The complete GraphGen dataset format. Contains tasks with arbitrary JSON inputs, gold outputs (optionally linked to tasks), rubrics (task-specific and/or default), and judge configuration. Methods:

validate_unique_task_ids

validate_unique_task_ids(cls, v: List[GraphGenTask]) -> List[GraphGenTask]
Ensure all task IDs are unique.

validate_gold_output_task_ids

validate_gold_output_task_ids(cls, v: List[GraphGenGoldOutput], info: ValidationInfo) -> List[GraphGenGoldOutput]
Ensure gold output task_ids reference valid tasks. Args:
  • v: The list of gold outputs being validated.
  • info: Pydantic ValidationInfo providing access to other fields via info.data.
Returns:
  • The validated list of gold outputs.
Raises:
  • ValueError: If a gold output references a non-existent task ID.

validate_select_output

validate_select_output(cls, v: Any) -> Optional[Union[str, List[str]]]
Validate select_output is a string or list of strings.

validate_output_config

validate_output_config(cls, v: Any) -> Optional[OutputConfig]
Convert dict to OutputConfig for backward compatibility.

get_task_by_id

get_task_by_id(self, task_id: str) -> Optional[GraphGenTask]
Get a task by its ID.

get_task_by_index

get_task_by_index(self, index: int) -> Optional[GraphGenTask]
Get a task by zero-based index. Args:
  • index: Zero-based index into tasks list (0 to len(tasks)-1).
Returns:
  • Task at the specified index, or None if index is out of range.

get_gold_output_for_task

get_gold_output_for_task(self, task_id: str) -> Optional[GraphGenGoldOutput]
Get the gold output linked to a specific task.

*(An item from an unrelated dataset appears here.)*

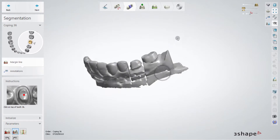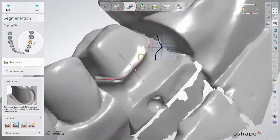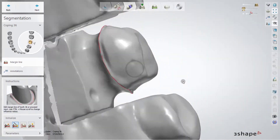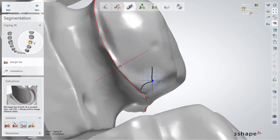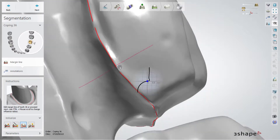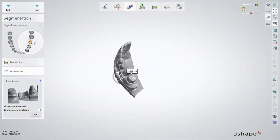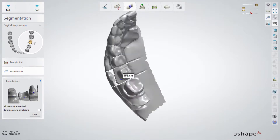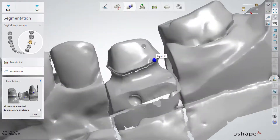In this part, we have to specify the margin line and check that it is correct.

get_standalone_gold_outputs

get_standalone_gold_outputs(self) -> List[GraphGenGoldOutput]
Get gold outputs not linked to any task (reference pool for contrastive judge).

EventInput

V3-compatible event input for verifier evaluation.

SessionTimeStepInput

V3-compatible session time step input.

SessionTraceInput

V3-compatible session trace input for judge evaluation.

GraphGenGraphJudgeRequest

Request for verifier graph inference.

GraphGenGraphCompletionsModelUsage

Token usage and cost for a single model in a graph completion.

EventRewardResponse

Event-level reward from verifier evaluation.

OutcomeRewardResponse

Outcome-level reward from verifier evaluation.

GraphGenGraphJudgeResponse

Response from verifier graph inference.

GraphGenGraphVerifierRequest

Alias for GraphGenGraphJudgeRequest with verifier terminology.

GraphGenGraphVerifierResponse

Alias for GraphGenGraphJudgeResponse with verifier terminology.

GraphGenJobConfig

Configuration for an GraphGen optimization job. Methods:

get_policy_provider

get_policy_provider(self) -> str
Get the policy provider (auto-detect if not specified).